# Problème de lenteur internet



## yul_!!! (14 Août 2012)

Bonjour,

Je rencontre un gros problème de lenteur lorsque je navigue sur internet.

J'ouvre Safari et en général il me faut 20 secondes pour accéder à un nouveau site. Une fois que je suis dessus, c'est assez fluide encore que cela dépend des pages.

Je précise que je n'ai pas de soucis de débit, le débit est très bon.

Une idée?

Merci,

Julien


----------



## Anonyme (14 Août 2012)

Bonjour,

 donne des infos sur ta connexion : FAI + 2 captures d'écran :

- configuration de la connexion (Préférences système / réseau)

- serveurs DNS utilisés (Avancé / onglet DNS )


----------



## yul_!!! (15 Août 2012)

Voici les infos que vous m'avez demandées : 













Qu'en pensez vous?

Merci


----------



## Anonyme (15 Août 2012)

Bonjour,

 merci pour les captures.

Ton adresse IP est 192.168.*0*.11, ce qui veut dire que ton routeur a l'adresse : 192.168.*0*.1

Ce qui est important, c'est le "0".

Ton routeur a aussi le rôle de "gérer" les serveurs DNS.
Donc il DOIT toujours figurer dans les liste des serveurs DNS !

Et même en première place !

Par conséquent dans l'onglet DNS, tu vas ajouter 192.168.0.1, et le glisser en première position tout en haut.

Puis faire OK, et "Appliquer" quand revenu à la première page.

La seule chose à vérifier c'est que ton routeur est bien en 192.168.0.1 et non pas en 192.168.0.254.
Si c'est le cas tu utilises 192.168.0.254.
*Le premier serveur DNS doit être le routeur lui-même.*

De plus, si c'est cette connexion Numéricâble que tu utilises le plus souvent, tu peux faire glisser vers le haut, en dessous de l'IP du routeur, les 2 DNS actuels de Numéricâble, à savoir : 
- 89.2.0.1
- 89.2.0.2


D'autre part, une connexion "normale" en DHCP (attribution d'adresse IP par le routeur) ne devrait pas demander à ce que l'utilisateur renseigne les DNS.

Dans l'onglet DNS ne devrait figurer qu'UN SEUL DNS, le routeur, et il devrait apparaître en grisé (non modifiable).

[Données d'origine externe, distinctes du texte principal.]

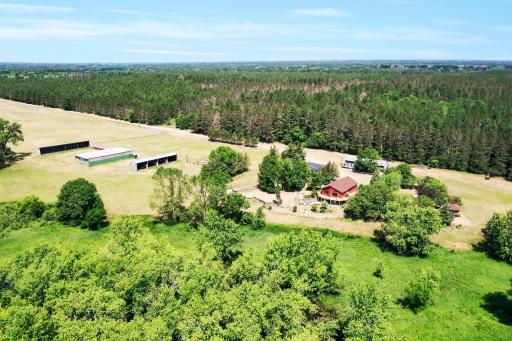 View of the arena, horse stalls, hay shed and the immediate access to 160 acres of abutting acreage that is part of the 2700 acres Sand Dunes State forest.
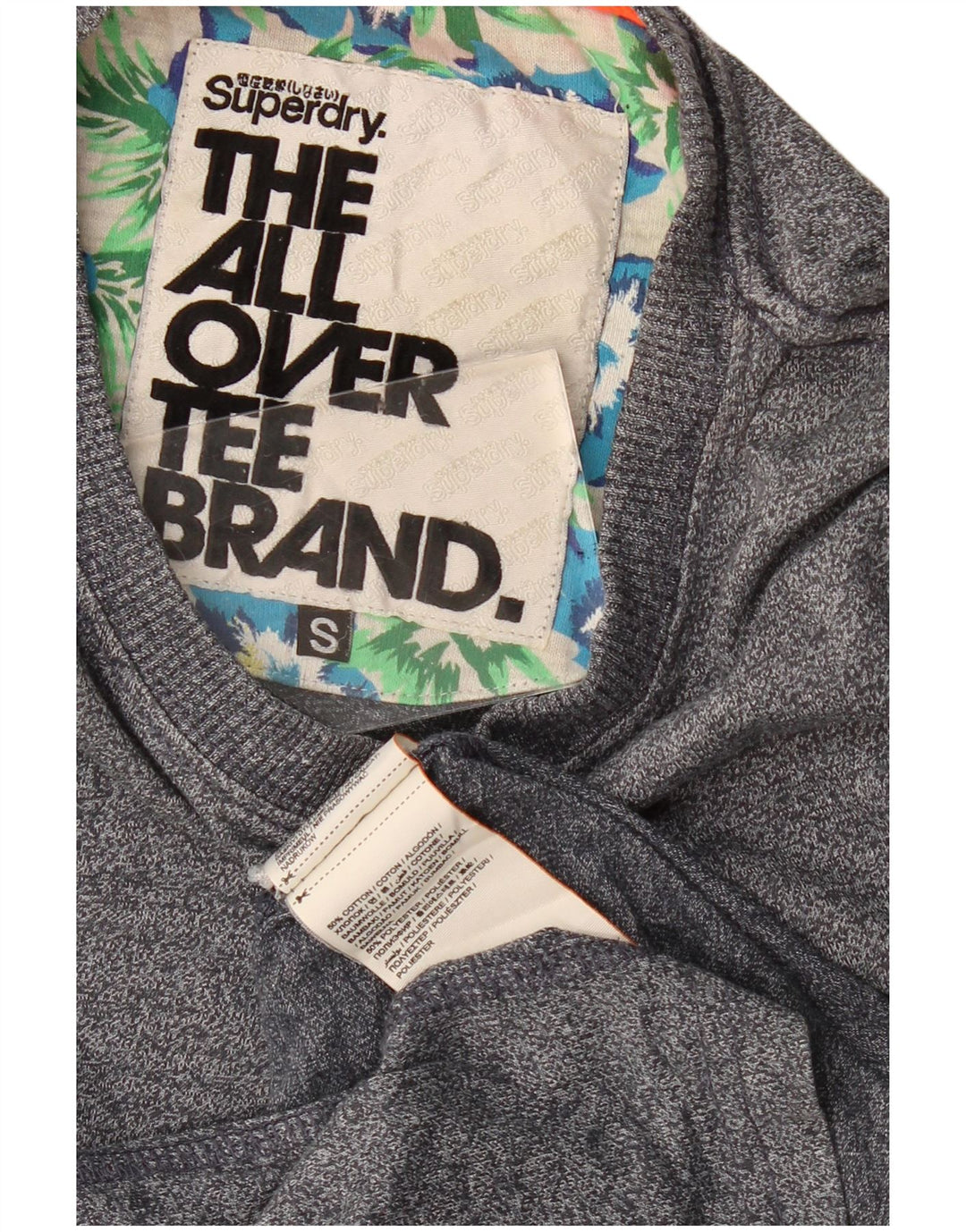 Superdry Mens T-Shirt Top Small Grey Flecked Cotton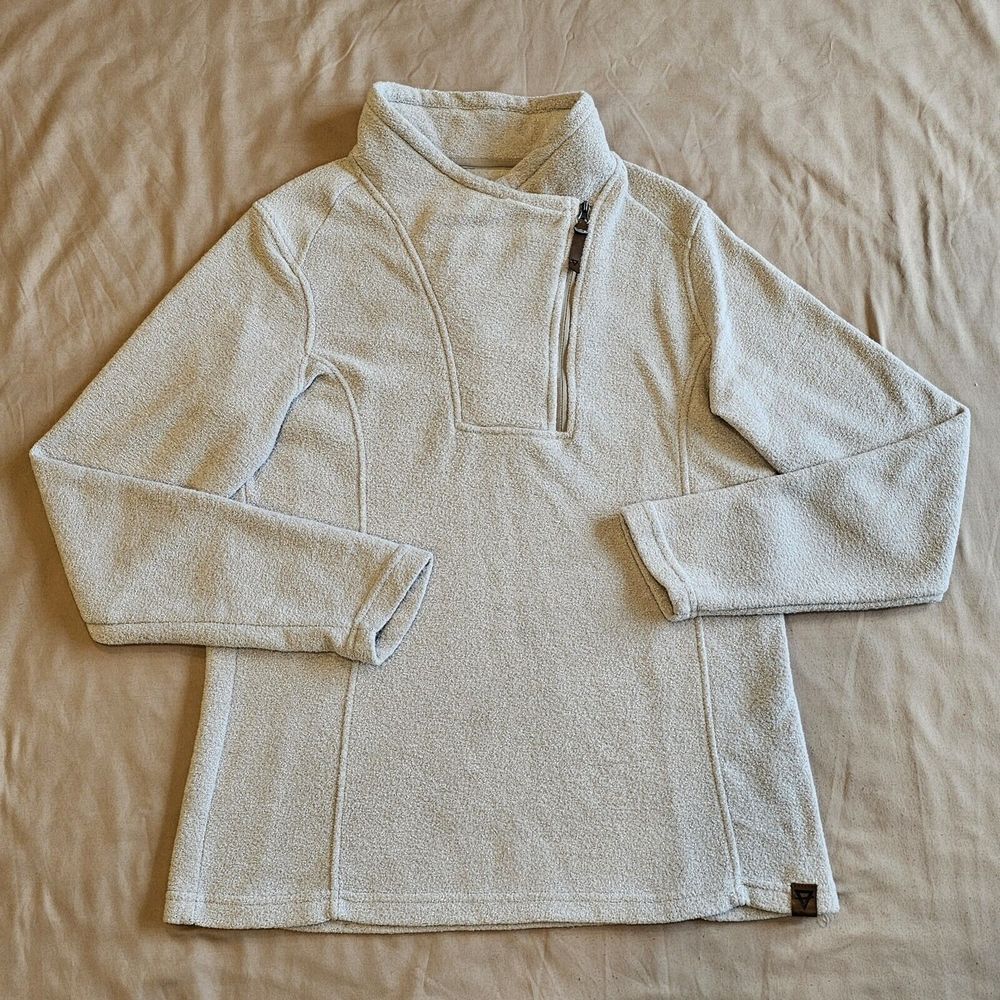 LIV Outdoor Life Integrity Earth Fleece Pullover Oatmeal Asymmetrical Zip Medium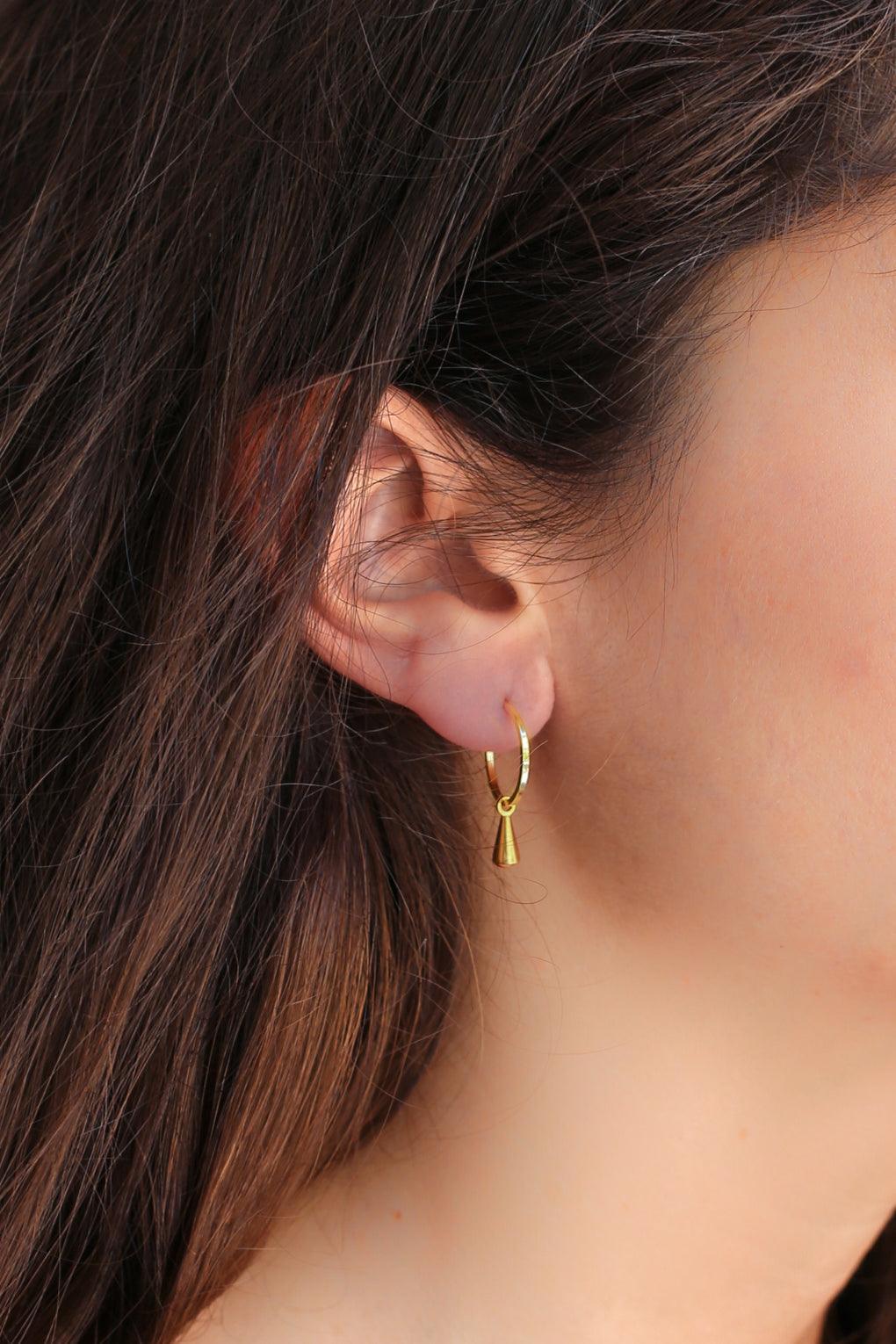 Jessa Hoop Earrings with Three Pendants Set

La meilleure manipulation à faire consisterait donc à supprimer cette configuration de connexion, c'est à dire supprimer la connexion de la liste des réseaux favoris, et supprimer tous les DNS figurant dans l'onglet DNS (après les avoir notés quelque part).

Ensuite lors de la recréation de la connexion, le serveur DNS (le routeur) doit apparaître automatiquement (en grisé) sans intervention de l'utilisateur.


----------



## tsss (15 Août 2012)

Renaud31 a dit:


> ......
> 
> Par conséquent dans l'onglet DNS, tu vas ajouter 192.168.0.1, et le glisser en première position tout en haut.
> 
> ...





A savoir que parfois (souvent il fut un temps) les DNS de numericable sont un peu à l'ouest, l'utilisation d'opendns (ou autres) peut palier au lenteur de numericable.


----------



## Locke (15 Août 2012)

Je suis chez Numericable et je n'ai rien de tout ça sur le Macbook Pro et le iMac.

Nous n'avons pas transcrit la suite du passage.